■ **Your objective**: Restate word for word the entries below, starting with the line with "a shade you can't miss" and continuing through the line with "FONDOTIN Juego De". Include both of those lines and no others.

■ **Exercise input**:
★ ★ ★

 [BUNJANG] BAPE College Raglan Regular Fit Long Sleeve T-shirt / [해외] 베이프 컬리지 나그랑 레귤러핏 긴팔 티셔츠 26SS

★ ★ ★

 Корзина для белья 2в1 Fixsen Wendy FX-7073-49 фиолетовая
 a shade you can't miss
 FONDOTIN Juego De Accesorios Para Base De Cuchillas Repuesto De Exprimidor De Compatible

★ ★ ★

■ **Answer section**:
 a shade you can't miss
 FONDOTIN Juego De Accesorios Para Base De Cuchillas Repuesto De Exprimidor De Compatible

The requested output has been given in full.